Discordance in Pathologist Assessment of Endometrial Cancer is Informative While Level of Discordance of Molecular Classification Remains Unknown

To the Editor:
Offered here is a an opposite mindset of how to view data in the recent publication entitled “Interobserver agreement in endometrial carcinoma histotype diagnosis varies depending on the cancer genome atlas (TCGA)-based molecular subgroup.”1
In the introduction section of the paper, a statement was troubling. Specifically mentioned was lack of reproducibility being a profound weakness for any histopathologic variable. What is offered here is a review of the paper in which the mindset was poor reproducibility can be a profound strength of pathology assessment. How can this be?
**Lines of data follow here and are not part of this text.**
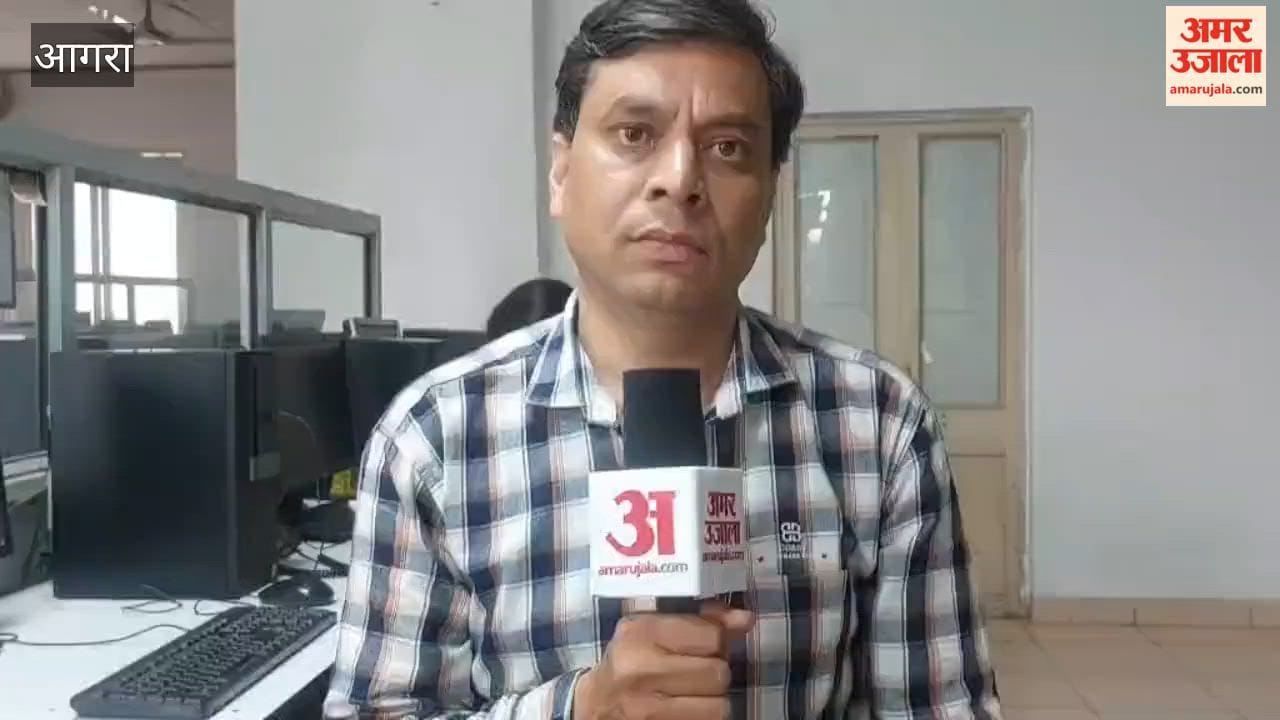 Fake E-Store Investment Scam Costs Victim ₹18.70 Lakh
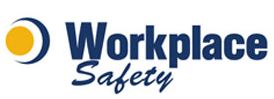 Workplace Safety 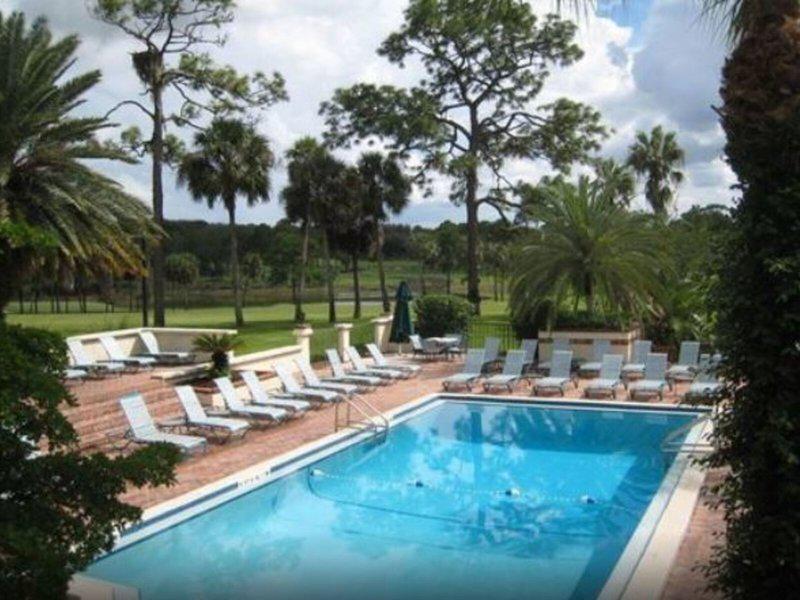 0329CF1ABB32B86C0983408E18A6FD5A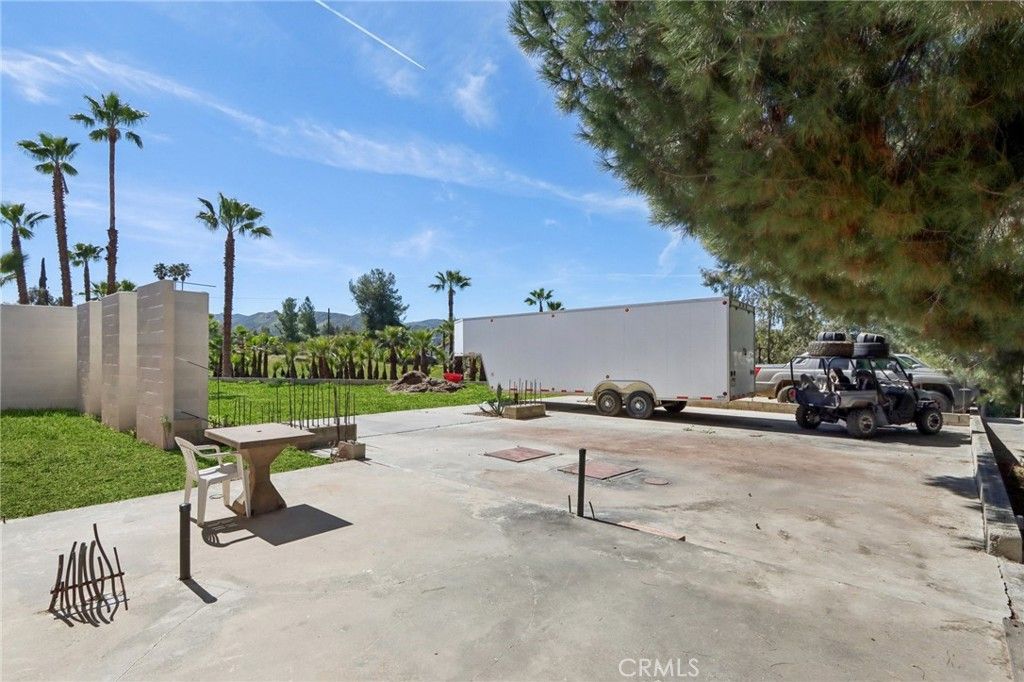 Image 66 of property listing at 30325 San Jacinto, Hemet, CA 92543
Reported was 90% complete concordance of histotype by seven pathologists in 41 P53 wild type (P53wt) endometrial cancers. In the P53wt group, of 287 (41×7) total assessments, discrepant opinions totalled 10 (3.5%) and 8 of these were in 2 of the 41 tumors. Meanwhile, only 36% of P53 abnormal (P53abn) tumors had complete concordance. Using R statistics function prop.test it can be calculated the difference in proportion of concordance in P53wt and P53abn was strongly significant (P<0.00001). Discordance was not randomly distributed. When new information significantly changes a probability distribution an appropriate term is classification.
Finding zones of poor reproducibility require multiple assessments, or what can be termed “discordance discovery.” Discordance discovery is not possible unless a method has sufficient ease for multiple assessments. This was a demonstrated strength of morphology given the ability for 7 pathologists from 7 institutions to have reviewed the same material. Relative ease in assessment cannot be assumed with respect to the molecular side of the equation. Results of testing from 7 separate laboratories were not matched to the interpretations from the 7 pathologists.
It would have been interesting to know if susceptibility for discordance in pathology interpretation (phenotypic analysis) is associated with corresponding susceptibility for interlaboratory discordance in molecular assays (or surrogate immunohistochemistry methods). Until this is quantitated it can be difficult to reach conclusions. Pathologist discordance was often associated with cancers showing heterogeneity.
Discordance has been found with molecular markers even in the absence of morphologic heterogeneity.2 Molecular testing was performed on 3 separate blocks of 49 tumors. Five tumors (10%) had degree of discordance which would have altered molecular-based risk assignment. The 5 cases of 49 was concluded as representing a limited number of misclassified cases. No confidence interval for the 10% proportion was provided, and whether or not an upper range of a confidence interval would overlap with what might be regarded as an unacceptable level of misclassification was not mentioned. Time may tell if the conclusion, based on a small sample, was premature and over reaching.
Molecular classification was claimed to be “much more” reproducible than pathology.1 This assertion was based on an intralaboratory comparison of results from curettage specimens versus the hysterectomy specimen.3 The study consisted of 22 P53wt tumors, 11 P53abn, 12 ultramutated polymerase epsilon, and 12 mismatch repair. This is not a large number of tumors, and much fewer than the number of tumors submitted to the 7 pathologists.
There is agreement with concern over pathologist discordance resulting in a patient being treated in one way at one center and in another way elsewhere. The same concern is applicable to molecular assays. Lacking an interlaboratory study in the reproducibility of molecular classification the alarm becomes a fallacy of incomplete comparison.
In a widely referenced breast cancer gene-based concordance study the 70 gene-profile and recurrence score were deemed as having strong concordance.4 Yet, 18% discordance between the 2 can be counted from the open dasta set.5 Of 295 patients, a molecular assay could have resulted in 53 patients having been treated as low risk at one center and high risk at another.